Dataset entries
——————————

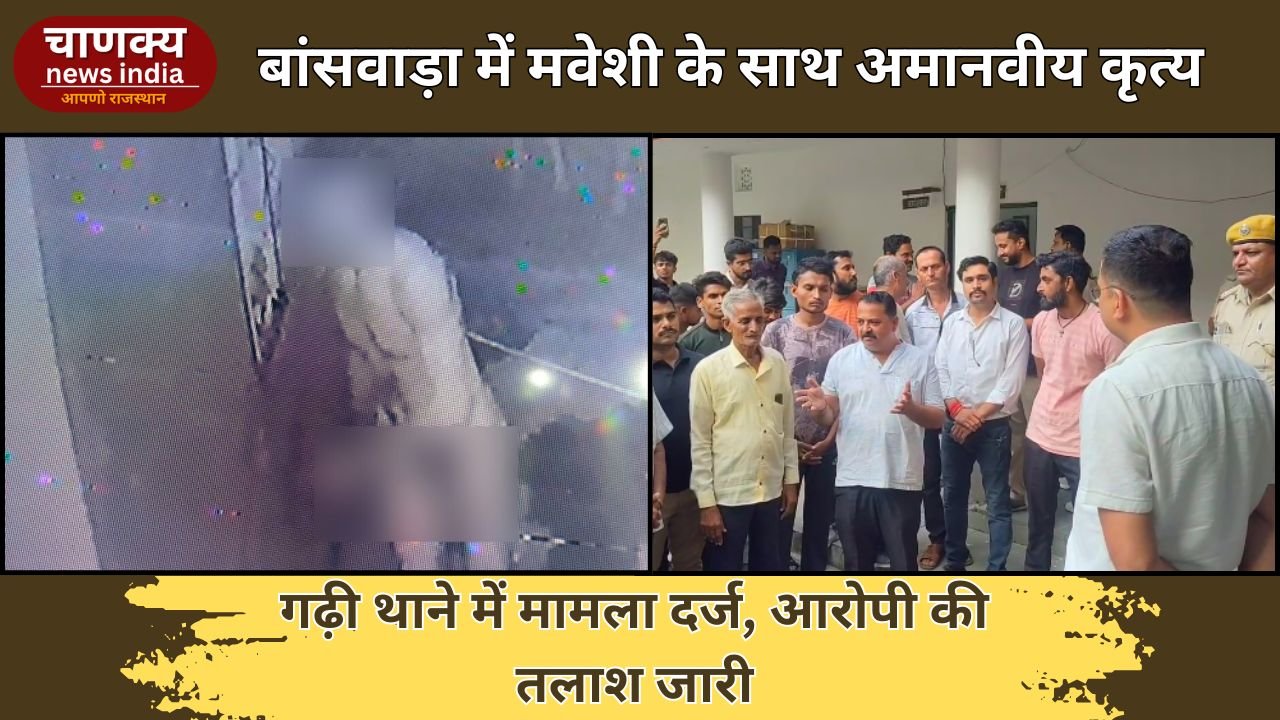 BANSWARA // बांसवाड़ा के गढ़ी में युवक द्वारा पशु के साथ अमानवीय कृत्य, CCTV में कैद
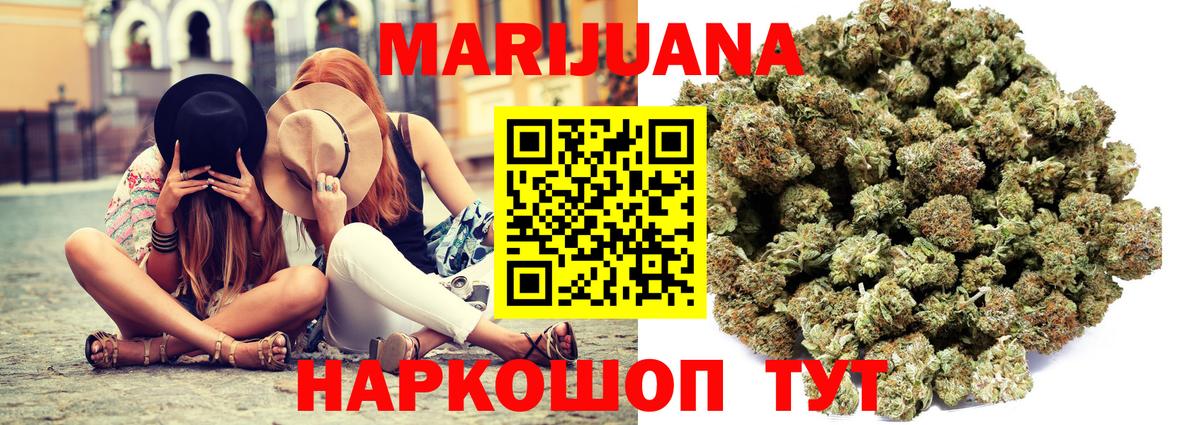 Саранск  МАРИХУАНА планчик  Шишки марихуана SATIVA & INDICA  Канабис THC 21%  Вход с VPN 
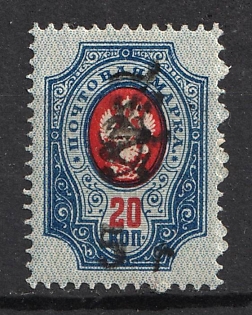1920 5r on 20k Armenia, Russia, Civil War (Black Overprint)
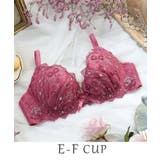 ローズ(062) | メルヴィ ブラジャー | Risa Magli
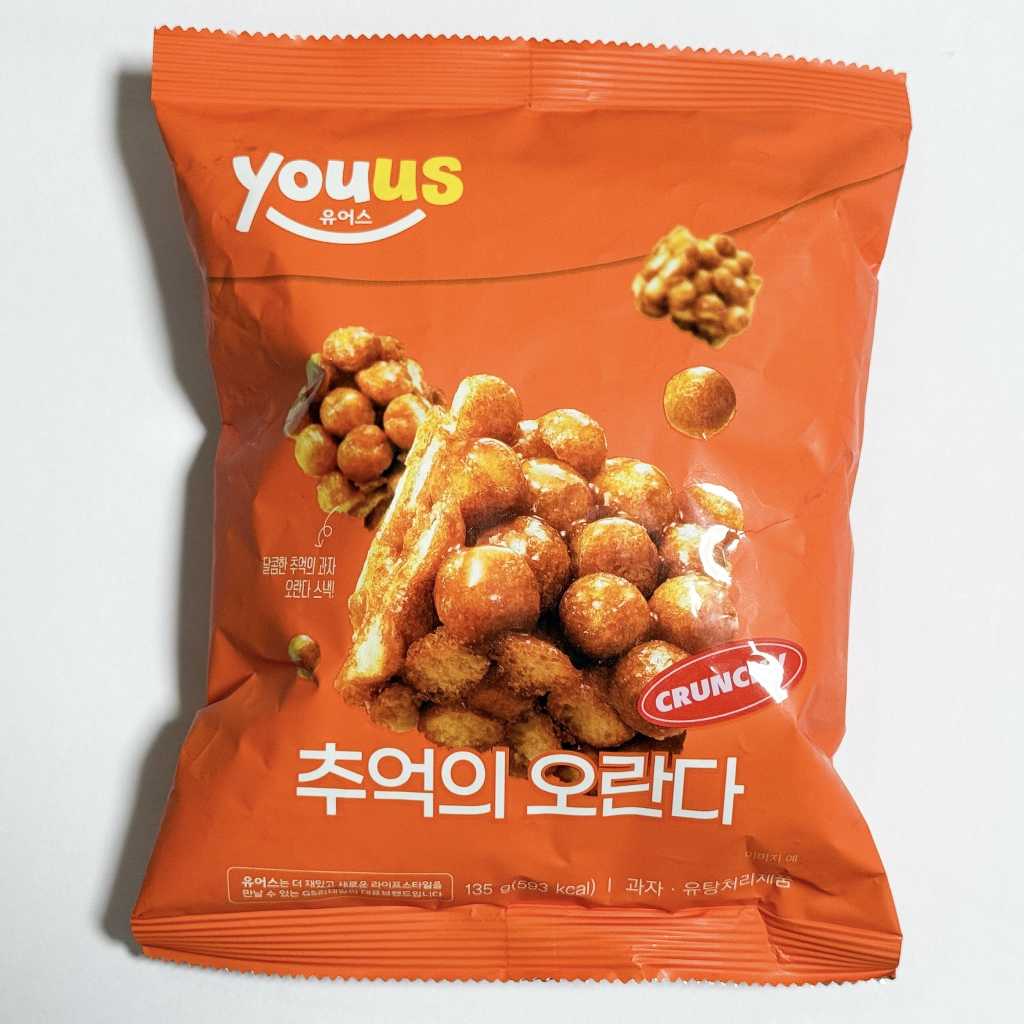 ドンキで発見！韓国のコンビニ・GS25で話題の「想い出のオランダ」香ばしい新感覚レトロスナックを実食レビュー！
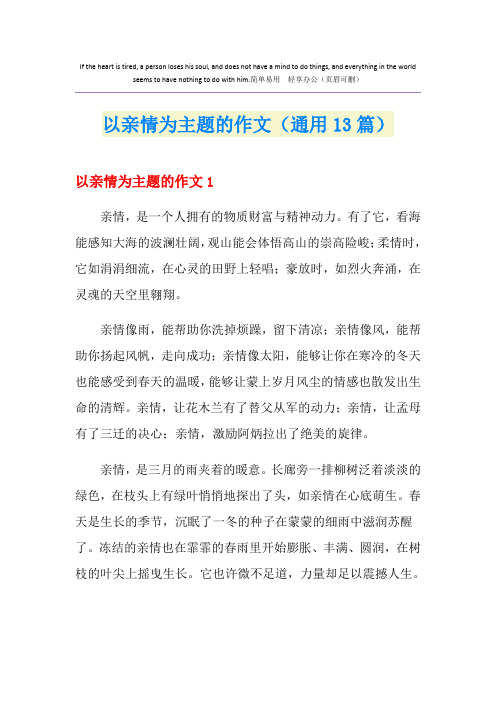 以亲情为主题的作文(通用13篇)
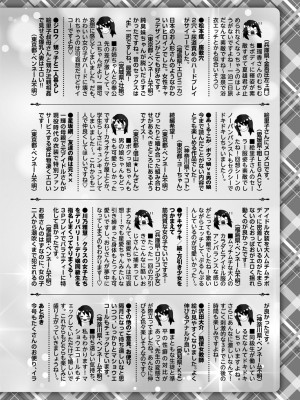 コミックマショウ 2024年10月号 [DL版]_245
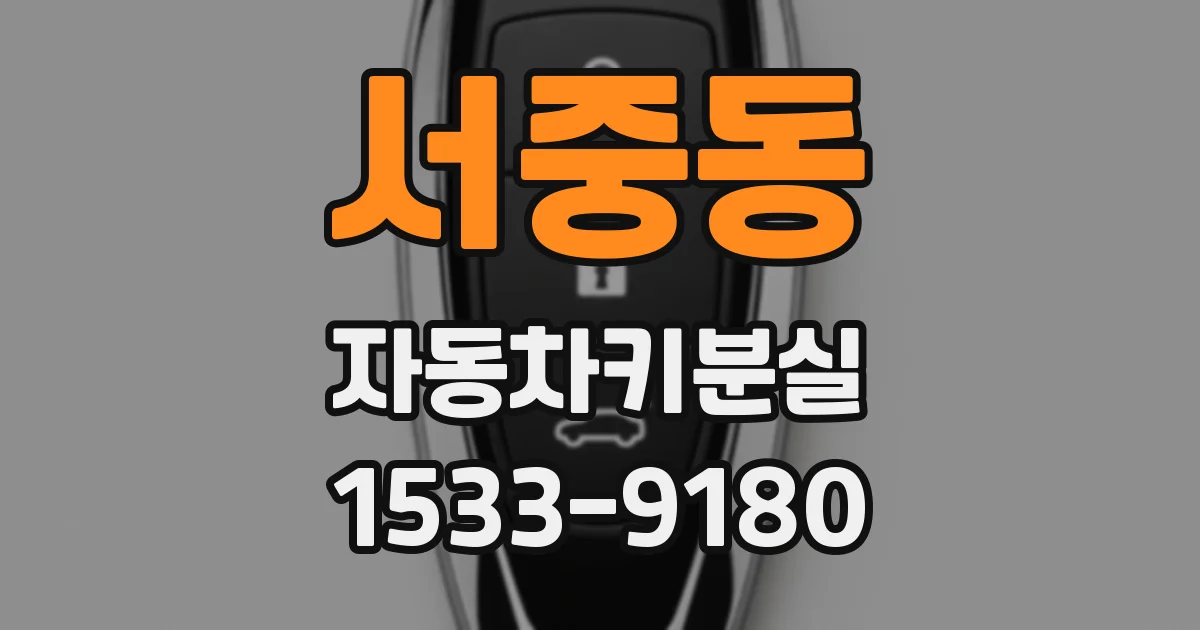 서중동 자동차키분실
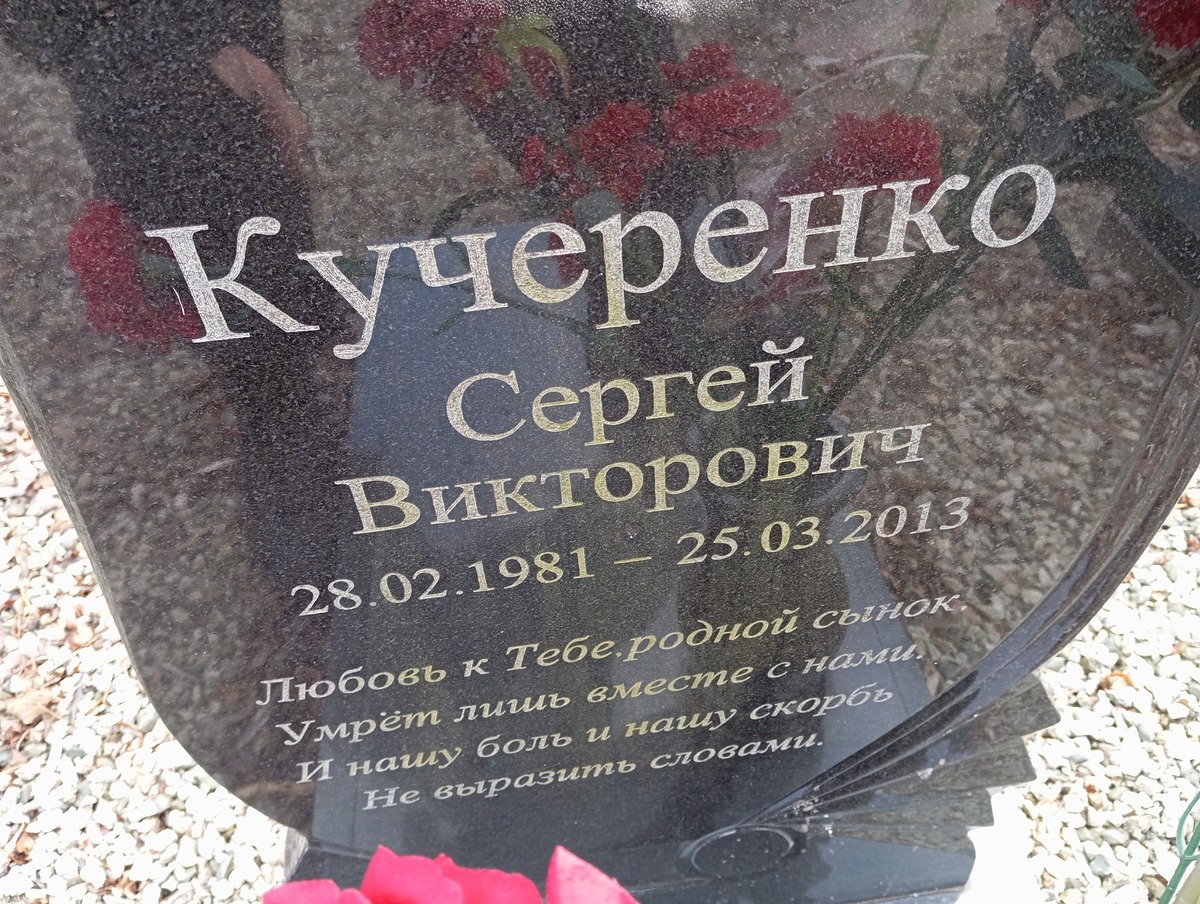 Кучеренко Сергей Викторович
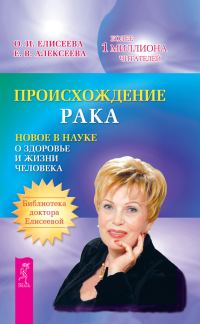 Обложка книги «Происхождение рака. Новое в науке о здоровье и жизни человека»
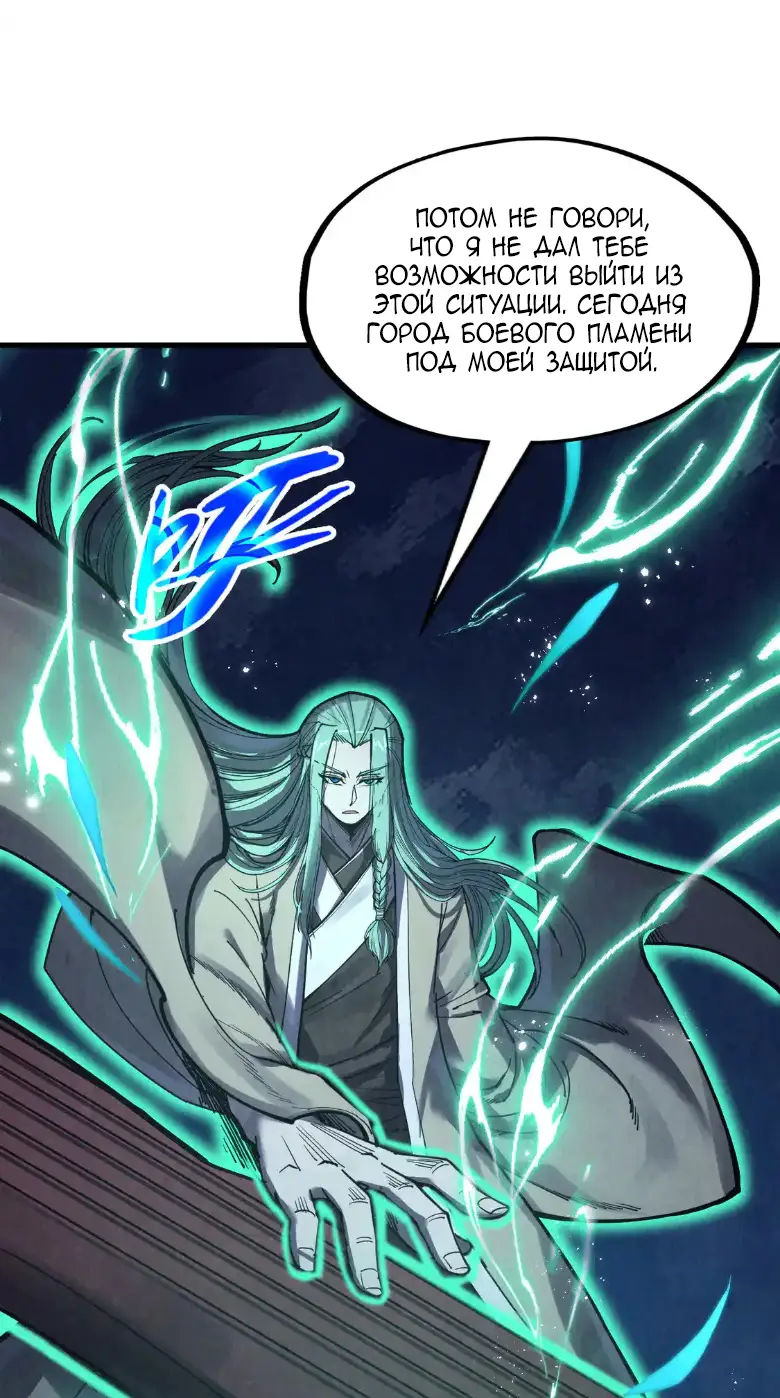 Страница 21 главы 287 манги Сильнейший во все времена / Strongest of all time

——————————

Leave out the pictures, and write out exactly the lines from the line containing "コミックマショウ 2024年10月号 [DL版]_245" through the end of the records above.

- **ANSWER SPACE**
 コミックマショウ 2024年10月号 [DL版]_245
 서중동 자동차키분실
 Кучеренко Сергей Викторович
 Обложка книги «Происхождение рака. Новое в науке о здоровье и жизни человека»
 Страница 21 главы 287 манги Сильнейший во все времена / Strongest of all time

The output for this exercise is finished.